[ Next Article | Previous Article | Book Contents | Library Home | Legal | Search ]
System Management Concepts: Operating System and Devices

Understanding Fragments and a Variable Number of I-Nodes

The journaled file system (JFS) fragment support allows disk space to be divided into allocation units that are smaller than the default size of 4096 bytes. Smaller allocation units or "fragments" minimize wasted disk space by more efficiently storing the data in a file or directory's partial logical blocks. The functional behavior of JFS fragment support is based on that provided by Berkeley Software Distribution (BSD) fragment support. Similar to BSD, JFS fragment support allows users to specify the number of i-nodes that a file system has.

Disk Utilization

Many UNIX file systems only allocate contiguous disk space in units equal in size to the logical blocks used for the logical division of files and directories. These allocation units are typically referred to as "disk blocks" and a single disk block is used exclusively to store the data contained within a single logical block of a file or directory.

Using a relatively large logical block size (4096 bytes for example) and maintaining disk block allocations that are equal in size to the logical block are advantageous for reducing the number of disk I/O operations that must be performed by a single file system operation, since a file or directory's data is stored on disk in a small number of large disk blocks rather than in a large number of small disk blocks. For example, a file with a size of 4096 bytes or less would be allocated a single 4096-byte disk block if the logical block size is 4096 bytes. A read or write operation would therefore only have to perform a single disk I/O operation to access the data on the disk. If the logical block size were smaller requiring more than one allocation for the same amount of data, then more than one disk I/O operation may be required to access the data. A large logical block and equal disk block size are also advantageous for reducing the amount of disk space allocation activity that must be performed as new data is added to files and directories, since large disk blocks hold more data.

Restricting the disk space allocation unit to the logical block size can, however, lead to wasted disk space in a file system containing numerous files and directories of a small size.
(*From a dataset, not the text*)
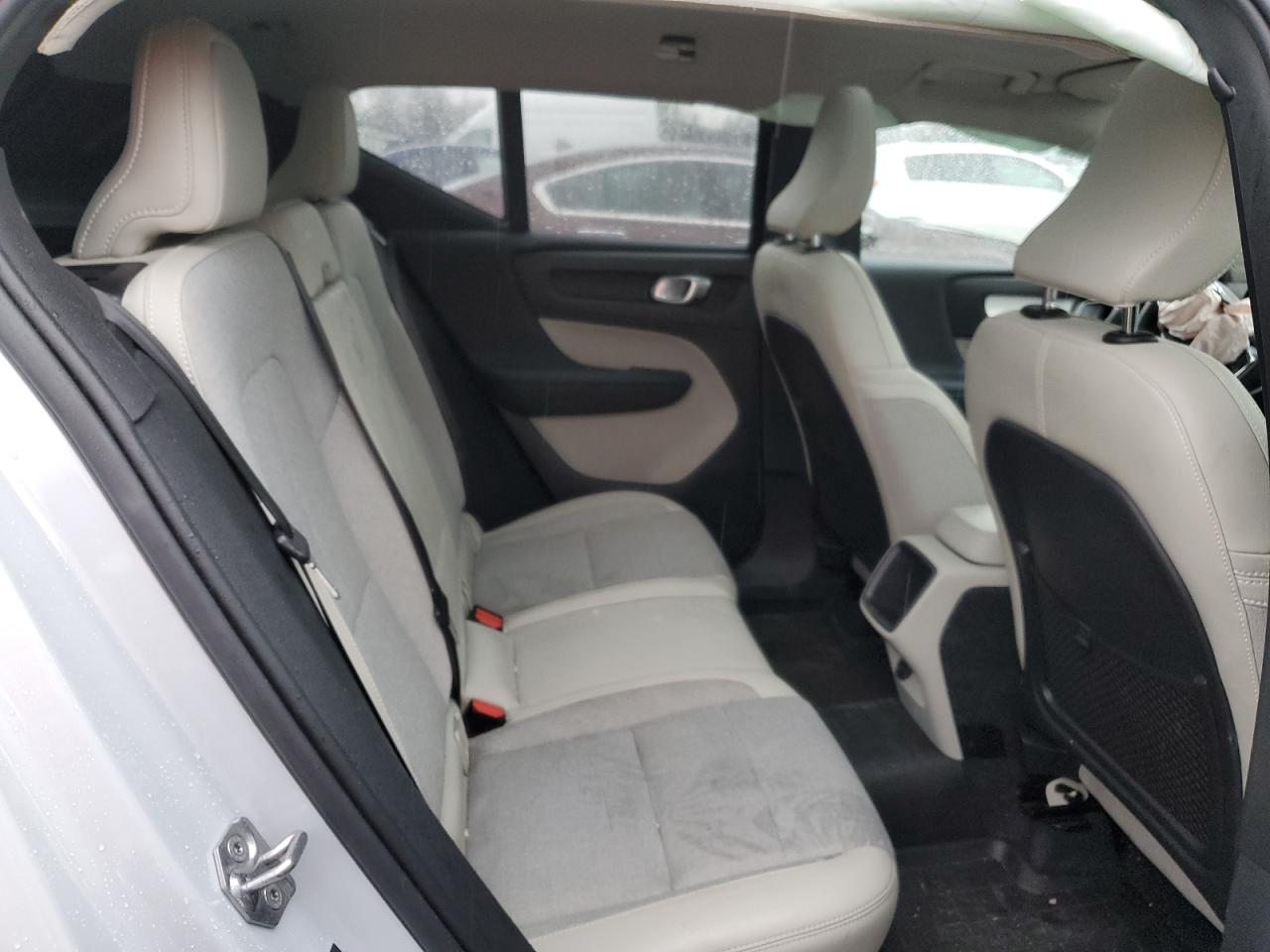 2020 Volvo XC40 - Image 11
Wasted disk space occurs when a logical block's worth of disk space is allocated to a partial logical block of a file or directory. Since partial logical blocks always contain less than a logical block's worth of data, a partial logical block will only consume a portion of the disk space allocated to it. The remaining portion remains unused since no other file or directory can write its contents to disk space that has already been allocated. The total amount of wasted disk space can be large for file systems containing a large number of small files and directories. A file system using 4096-byte allocation units may experience up to 45% wasted disk space. (Statistic taken from UNIX System Manager's Manual, Computer Systems Research Group, University of California at Berkeley, The Regents of the University of California and/or Bell Telephone Laboratories, 1988, SMM 14.)

Optimizing Disk Utilization

In the JFS, however, the disk space allocation unit, referred to as a fragment, can be smaller than the logical block size of 4096 bytes. With the use of fragments smaller than 4096 bytes, the data contained within a partial logical block can be stored more efficiently by using only as many fragments as are required to hold the data. For example, a partial logical block that only has 500 bytes could be allocated a fragment of 512 bytes (assuming a fragment size of 512 bytes), thus greatly reducing the amount of wasted disk space. If the storage requirements of a partial logical block increase, one or more additional fragments will be allocated.

Fragments

The fragment size for a file system is specified during its creation. The allowable fragment sizes for journaled file systems (JFS) are 512, 1024, 2048, and 4096 bytes. For consistency with previous verions of AIX Version 3, the default fragment size is 4096 bytes. Different file systems can have different fragment sizes, but only one fragment size can be used within a single file system. Different fragment sizes can also coexist on a single system (machine) so that users can select a fragment size most appropriate for each file system.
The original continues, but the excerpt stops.